Experimental and theoretical investigations of four 3d–4f butterfly single-molecule magnets

Abstract

The syntheses, structures, and characterization of four 3d–4f butterfly clusters are described. With different polyhydroxy Schiff-base ligands 2-(((2-hydroxy-3-methoxyphenyl)methylene)amino)-2-(hydroxymethyl)-1,3-propanediol (H₄L₁) and 2-(2,3-dihydroxpropyliminomethyl)-6-methoxyphenol (H₃L₂), three heterotetranuclear Ni^II₂Ln^III₂ complexes (Ni^II₂Dy^III₂-L₁ (1), Ni^II₂Tb^III₂-L₂ (2), Ni^II₂Dy^III₂-L₂ (3)) and one heterohexanuclear Co^III₂Dy^III₄ complex (4) were obtained. The three heterotetranuclear Ni^II₂Ln^III₂ complexes display a central planar butterfly topology.
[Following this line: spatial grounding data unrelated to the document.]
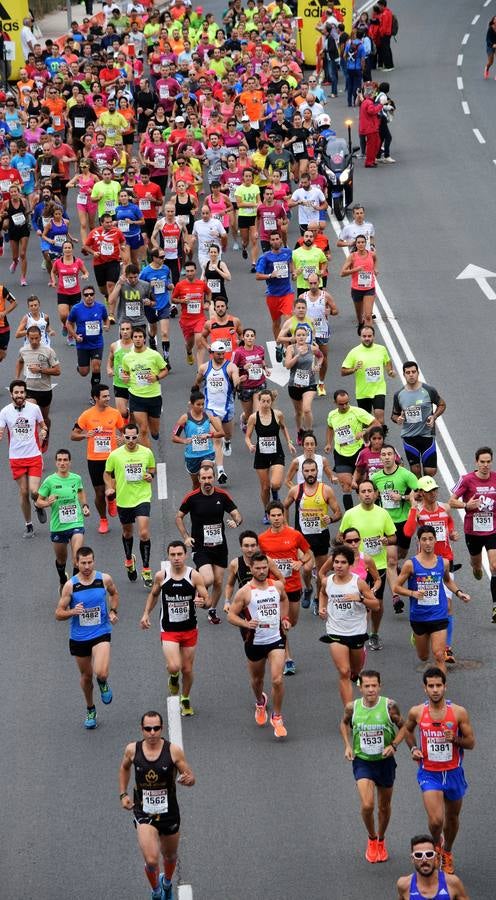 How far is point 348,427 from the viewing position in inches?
760

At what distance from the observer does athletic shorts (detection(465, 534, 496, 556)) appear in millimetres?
17641

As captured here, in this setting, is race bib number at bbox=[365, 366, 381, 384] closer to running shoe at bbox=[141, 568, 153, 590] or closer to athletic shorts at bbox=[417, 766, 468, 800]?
running shoe at bbox=[141, 568, 153, 590]

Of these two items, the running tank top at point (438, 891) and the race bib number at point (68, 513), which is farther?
the race bib number at point (68, 513)

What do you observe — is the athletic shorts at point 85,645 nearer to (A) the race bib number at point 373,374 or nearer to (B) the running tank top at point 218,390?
(B) the running tank top at point 218,390

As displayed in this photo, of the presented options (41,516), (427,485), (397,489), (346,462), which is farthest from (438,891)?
(41,516)

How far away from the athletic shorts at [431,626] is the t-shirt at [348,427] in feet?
12.1

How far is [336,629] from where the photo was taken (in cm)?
1542

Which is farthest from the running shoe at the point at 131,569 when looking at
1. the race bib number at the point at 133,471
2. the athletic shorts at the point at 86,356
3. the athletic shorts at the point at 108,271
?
the athletic shorts at the point at 108,271

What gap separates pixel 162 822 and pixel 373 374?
350 inches

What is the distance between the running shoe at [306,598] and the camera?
18109 mm

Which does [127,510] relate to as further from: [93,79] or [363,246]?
[93,79]

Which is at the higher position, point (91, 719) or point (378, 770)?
point (378, 770)

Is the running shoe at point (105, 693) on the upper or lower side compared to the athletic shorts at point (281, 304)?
upper

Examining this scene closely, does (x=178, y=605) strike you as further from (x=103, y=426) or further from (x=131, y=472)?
(x=103, y=426) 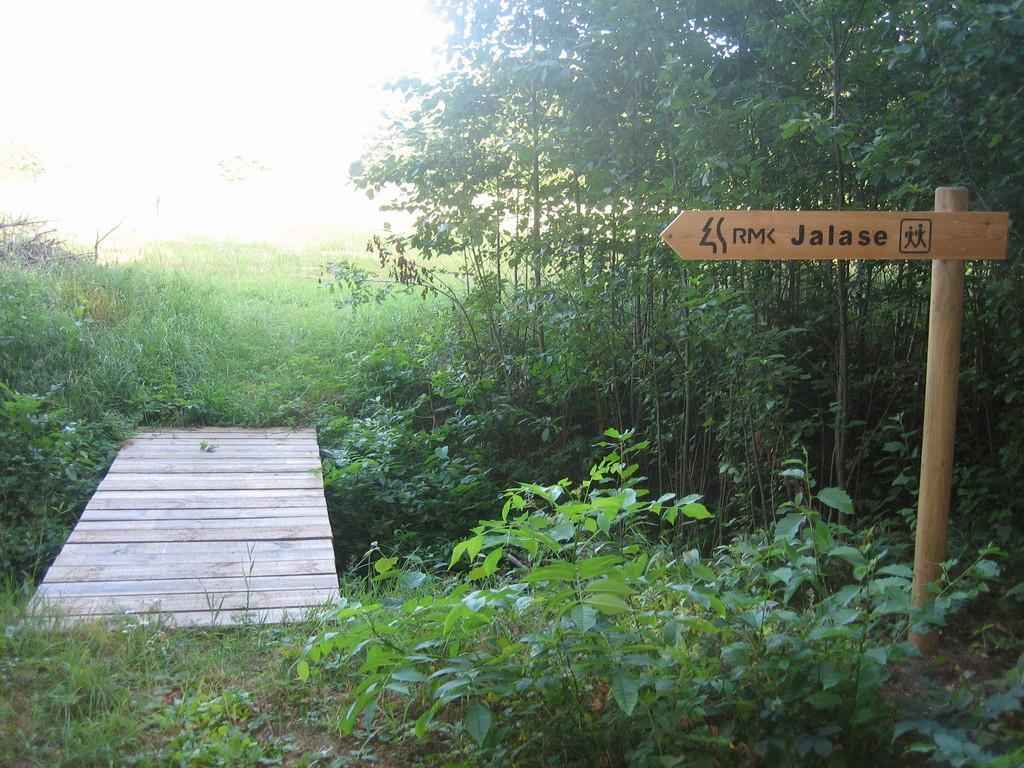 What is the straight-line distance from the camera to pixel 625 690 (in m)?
2.29

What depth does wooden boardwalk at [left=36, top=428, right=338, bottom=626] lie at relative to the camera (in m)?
4.02

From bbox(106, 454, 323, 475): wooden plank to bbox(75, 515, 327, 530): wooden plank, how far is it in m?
0.93

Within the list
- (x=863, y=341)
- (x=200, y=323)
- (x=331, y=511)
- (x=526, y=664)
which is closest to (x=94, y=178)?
(x=200, y=323)

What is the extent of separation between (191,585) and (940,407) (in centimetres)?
326

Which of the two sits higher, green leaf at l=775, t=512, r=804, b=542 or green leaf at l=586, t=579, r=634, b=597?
green leaf at l=775, t=512, r=804, b=542

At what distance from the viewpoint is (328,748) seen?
2791 millimetres

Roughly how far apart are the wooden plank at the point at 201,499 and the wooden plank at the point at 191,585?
108 centimetres

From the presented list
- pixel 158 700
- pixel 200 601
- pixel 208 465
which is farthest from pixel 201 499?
pixel 158 700

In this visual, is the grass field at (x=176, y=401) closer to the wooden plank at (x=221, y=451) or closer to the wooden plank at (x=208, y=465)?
the wooden plank at (x=221, y=451)

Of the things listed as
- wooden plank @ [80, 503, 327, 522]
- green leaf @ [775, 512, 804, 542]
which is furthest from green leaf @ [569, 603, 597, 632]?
wooden plank @ [80, 503, 327, 522]

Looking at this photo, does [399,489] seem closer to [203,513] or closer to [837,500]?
[203,513]

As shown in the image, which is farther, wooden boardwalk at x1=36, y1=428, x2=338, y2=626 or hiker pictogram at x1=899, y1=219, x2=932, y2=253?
wooden boardwalk at x1=36, y1=428, x2=338, y2=626

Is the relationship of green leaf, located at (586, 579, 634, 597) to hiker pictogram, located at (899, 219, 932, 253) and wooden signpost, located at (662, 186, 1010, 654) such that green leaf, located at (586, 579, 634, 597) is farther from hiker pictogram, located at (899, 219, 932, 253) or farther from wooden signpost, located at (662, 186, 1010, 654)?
hiker pictogram, located at (899, 219, 932, 253)

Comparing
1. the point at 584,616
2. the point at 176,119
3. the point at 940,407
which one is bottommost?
the point at 584,616
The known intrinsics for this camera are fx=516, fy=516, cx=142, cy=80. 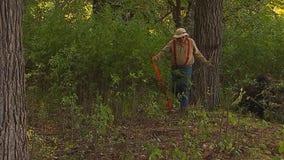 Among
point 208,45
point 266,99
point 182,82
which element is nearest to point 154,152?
point 182,82

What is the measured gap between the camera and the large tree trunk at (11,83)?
4875mm

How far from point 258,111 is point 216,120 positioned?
8.04 feet

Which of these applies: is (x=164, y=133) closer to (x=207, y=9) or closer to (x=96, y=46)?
(x=96, y=46)

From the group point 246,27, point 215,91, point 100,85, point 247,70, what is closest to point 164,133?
point 100,85

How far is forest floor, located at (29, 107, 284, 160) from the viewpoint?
6.46 meters

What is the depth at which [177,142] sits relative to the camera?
7141 millimetres

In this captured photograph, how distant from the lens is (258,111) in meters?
10.7

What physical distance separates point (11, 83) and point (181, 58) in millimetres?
4914

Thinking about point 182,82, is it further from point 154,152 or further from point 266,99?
point 154,152

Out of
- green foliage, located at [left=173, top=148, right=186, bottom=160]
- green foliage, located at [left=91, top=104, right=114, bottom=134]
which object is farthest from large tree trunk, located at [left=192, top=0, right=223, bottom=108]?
green foliage, located at [left=173, top=148, right=186, bottom=160]

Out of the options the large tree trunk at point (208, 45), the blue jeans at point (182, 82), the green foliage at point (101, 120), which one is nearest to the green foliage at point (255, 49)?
the large tree trunk at point (208, 45)

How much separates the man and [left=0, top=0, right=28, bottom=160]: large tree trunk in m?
4.45

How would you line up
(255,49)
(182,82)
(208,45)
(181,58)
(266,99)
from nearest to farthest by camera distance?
(182,82) < (181,58) < (208,45) < (266,99) < (255,49)

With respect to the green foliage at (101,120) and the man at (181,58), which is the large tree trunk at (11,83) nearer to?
the green foliage at (101,120)
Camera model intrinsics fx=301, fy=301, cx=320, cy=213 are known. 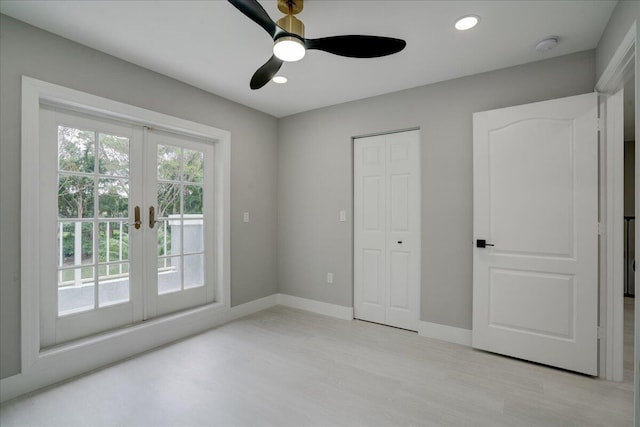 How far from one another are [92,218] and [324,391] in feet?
7.79

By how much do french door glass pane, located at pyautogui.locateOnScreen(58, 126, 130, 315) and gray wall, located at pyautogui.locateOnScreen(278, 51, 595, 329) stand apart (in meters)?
1.98

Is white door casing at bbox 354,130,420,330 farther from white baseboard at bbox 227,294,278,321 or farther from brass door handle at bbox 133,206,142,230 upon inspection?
brass door handle at bbox 133,206,142,230

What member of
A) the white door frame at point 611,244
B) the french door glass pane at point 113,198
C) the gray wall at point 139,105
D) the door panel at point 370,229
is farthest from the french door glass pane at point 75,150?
the white door frame at point 611,244

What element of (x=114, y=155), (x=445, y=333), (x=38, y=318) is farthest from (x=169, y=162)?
(x=445, y=333)

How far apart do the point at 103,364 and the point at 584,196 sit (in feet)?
13.5

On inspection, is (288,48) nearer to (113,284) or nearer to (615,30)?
(615,30)

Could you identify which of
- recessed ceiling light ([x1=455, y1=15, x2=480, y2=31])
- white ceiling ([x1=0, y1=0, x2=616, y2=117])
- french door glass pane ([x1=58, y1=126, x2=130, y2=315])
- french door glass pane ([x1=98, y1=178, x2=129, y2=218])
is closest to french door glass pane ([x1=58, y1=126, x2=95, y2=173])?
french door glass pane ([x1=58, y1=126, x2=130, y2=315])

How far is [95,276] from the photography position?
8.57 feet

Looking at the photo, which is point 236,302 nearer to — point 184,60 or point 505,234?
point 184,60

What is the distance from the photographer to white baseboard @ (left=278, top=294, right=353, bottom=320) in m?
3.69

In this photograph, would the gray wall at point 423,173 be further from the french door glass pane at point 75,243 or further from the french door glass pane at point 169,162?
the french door glass pane at point 75,243

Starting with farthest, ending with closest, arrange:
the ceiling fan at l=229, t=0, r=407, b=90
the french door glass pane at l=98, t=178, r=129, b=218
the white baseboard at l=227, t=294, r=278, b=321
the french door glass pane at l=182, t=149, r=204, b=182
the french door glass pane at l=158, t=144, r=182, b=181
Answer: the white baseboard at l=227, t=294, r=278, b=321 < the french door glass pane at l=182, t=149, r=204, b=182 < the french door glass pane at l=158, t=144, r=182, b=181 < the french door glass pane at l=98, t=178, r=129, b=218 < the ceiling fan at l=229, t=0, r=407, b=90

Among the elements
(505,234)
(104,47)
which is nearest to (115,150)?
(104,47)

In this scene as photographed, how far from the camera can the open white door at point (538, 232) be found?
7.72 ft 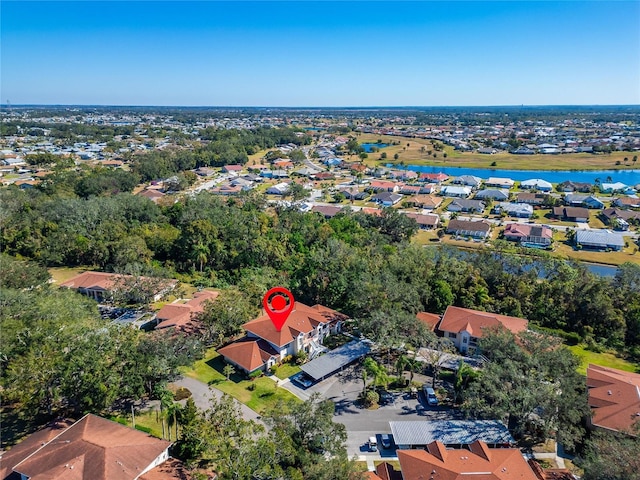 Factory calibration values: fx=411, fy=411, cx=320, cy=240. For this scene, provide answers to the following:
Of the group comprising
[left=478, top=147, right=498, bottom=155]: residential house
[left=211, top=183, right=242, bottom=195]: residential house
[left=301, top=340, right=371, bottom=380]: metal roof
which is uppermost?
[left=478, top=147, right=498, bottom=155]: residential house

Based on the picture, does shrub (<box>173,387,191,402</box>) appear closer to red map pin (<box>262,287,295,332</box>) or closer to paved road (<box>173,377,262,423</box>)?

The heterohexanuclear complex was built from butterfly Co^III₂Dy^III₂ clusters and two Dy^III ions by the bridging of pivalate. The vertices of the body positions of the butterfly are occupied by transition metal ions in all four complexes. Magnetic analyses indicate that the complexes exhibit typical single-molecule magnet behaviour with anisotropy barriers of 33.7 cm⁻¹, 60.3 cm⁻¹, 39.6 cm⁻¹, and 18.4 cm⁻¹ for 1–4, respectively. Ab initio calculations were performed on these complexes, and the low lying electronic structure of each Ln^III (Ln = Dy, Tb) ion and the magnetic interactions were determined. It was found that the two Ln ions may have much more contribution to the total relaxation barrier through the stronger 3d–4f exchange couplings compared to weak Ln–Ln interactions.